=== What the task asks ===
Once the images are set aside, return every entry exactly.

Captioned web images
=== Begin Enclosure ===
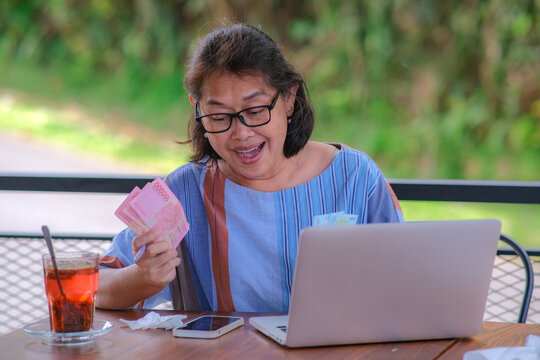 Asian female entrepreneur sitting at home counting some money in her hands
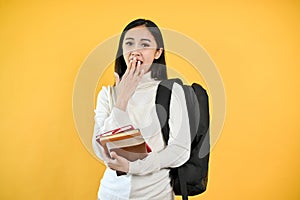 A shocked and excited Asian female college student is covering her mouth, showing a surprise face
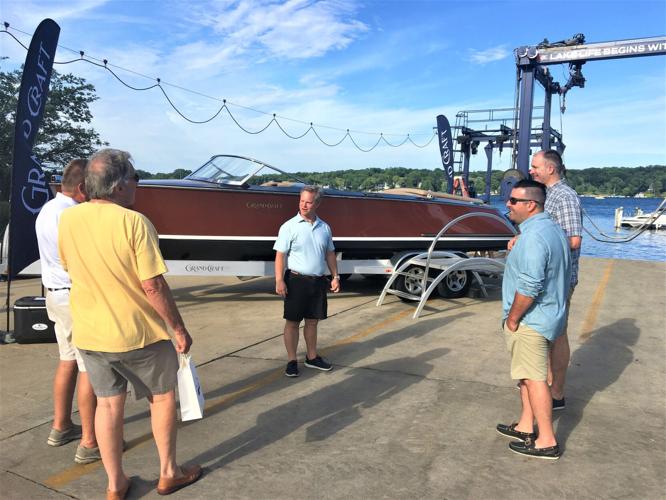 Grand Craft Boats president and CEO Patrick Gallagher field questions about the new Burnham runabout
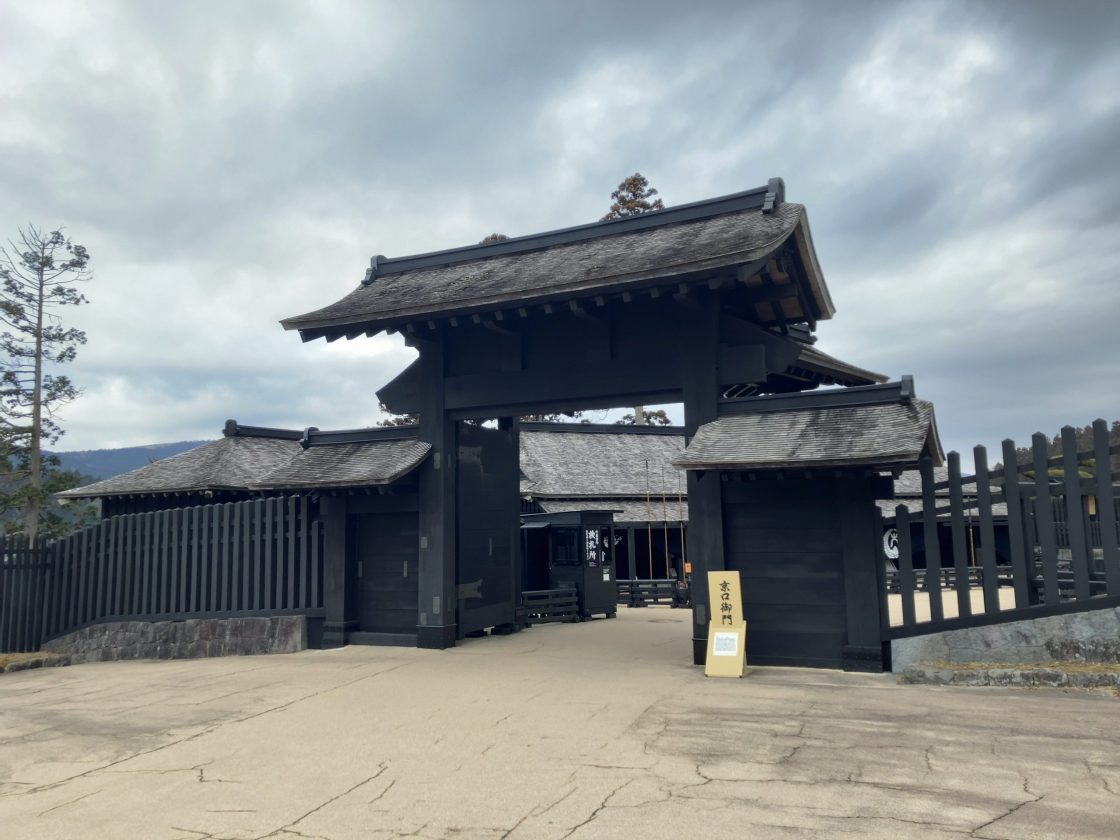 The reconstructed main gate of the Hakone Checkpoint with dark wood and a tiled roof, under an overcast sky.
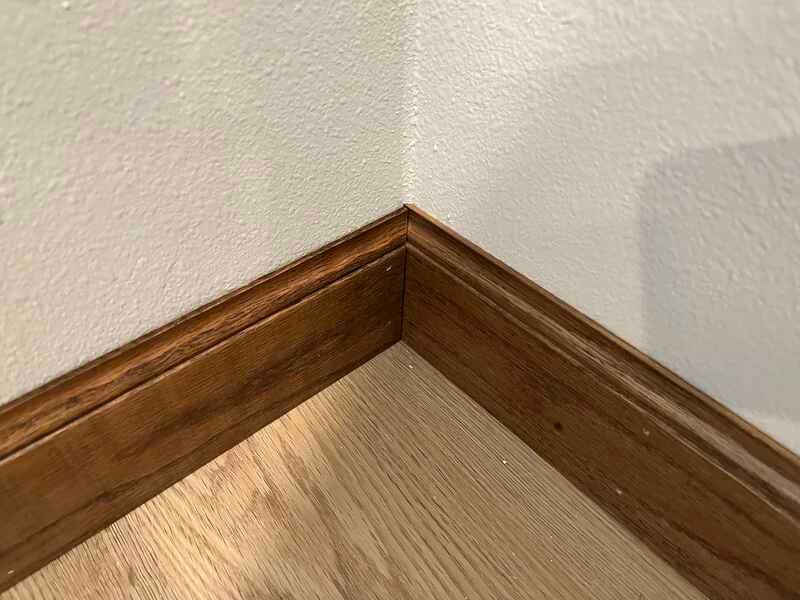Wooden baseboard corner on a light wood floor against a white wall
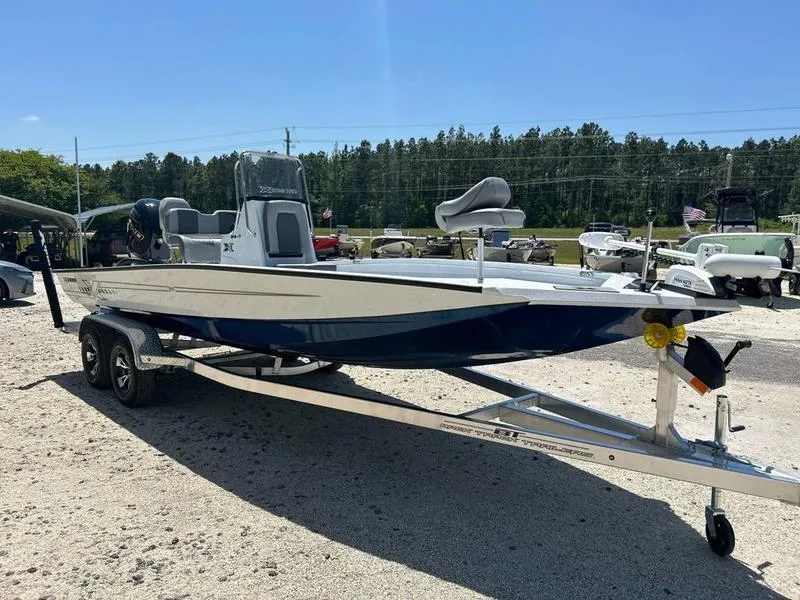 Slide: The Image of 2025 Xpress H22B boat on trailer, parked outdoors under clear sky. - 1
=== End Enclosure ===
=== Answer section ===
 Asian female entrepreneur sitting at home counting some money in her hands
 A shocked and excited Asian female college student is covering her mouth, showing a surprise face
 Grand Craft Boats president and CEO Patrick Gallagher field questions about the new Burnham runabout
 The reconstructed main gate of the Hakone Checkpoint with dark wood and a tiled roof, under an overcast sky.
Wooden baseboard corner on a light wood floor against a white wall
 Slide: The Image of 2025 Xpress H22B boat on trailer, parked outdoors under clear sky. - 1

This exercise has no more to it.